While the Dodgers, who had 16 hits but left 13 runners on base, left six men on base in the final four innings, the Mets expanded their lead in the eighth, which began with a double by pinch hitter Chris Woodward and was followed by yet another blooper by Lo Duca, who flipped his bat almost apologetically as the ball fell into right field for another single. Dodger sloppiness produced another run, a balk by Brett Tomko and a throwing error by third baseman Wilson Betemit accounting for the final run of the night.

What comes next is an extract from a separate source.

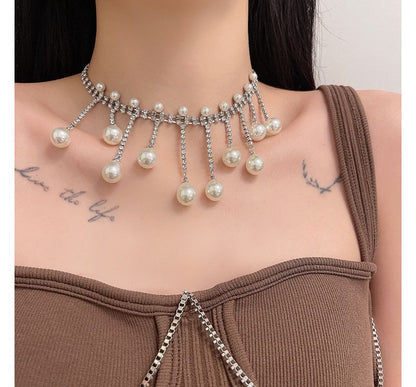 Choker Rhinestone Pearl Faux Fringed Alloy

The score entering the bottom of the ninth was 9-5, just as it was when the Dodgers miraculously hit four consecutive home runs to tie a game against the Padres that Garciaparra won in the 10th with another home run. But the Dodgers had a better chance of winning Powerball than duplicating that show of power. Wagner struck out the first two batters he faced, gave up a two-out single to Loney, then induced pinch hitter Ramon Martinez to pop to second to end the game.

Watching from the Dodger dugout was Little, whose last visit to October had ended in shell-shocked fashion, three years ago against the Yankees. This time, the stunner may have come in the second inning of the first game, when two Dodger base runners were erased at the plate on the same hit. Little, who knows something about the topic, said that night it was the kind of play that could haunt a team.

Lowe, who had won the clinching game in all three playoff series when the Sox won the World Series in 2004, lost that game, and the Dodgers went quietly thereafter.

The loss of Beimel, who showed up before the game yesterday and apologized to his teammates, probably hurt more.

``It certainly didn't help," Colletti said. ``But I can't turn back the hands of time. And neither can Joe Beimel."

These are New York minutes now. And they all belong to the Mets.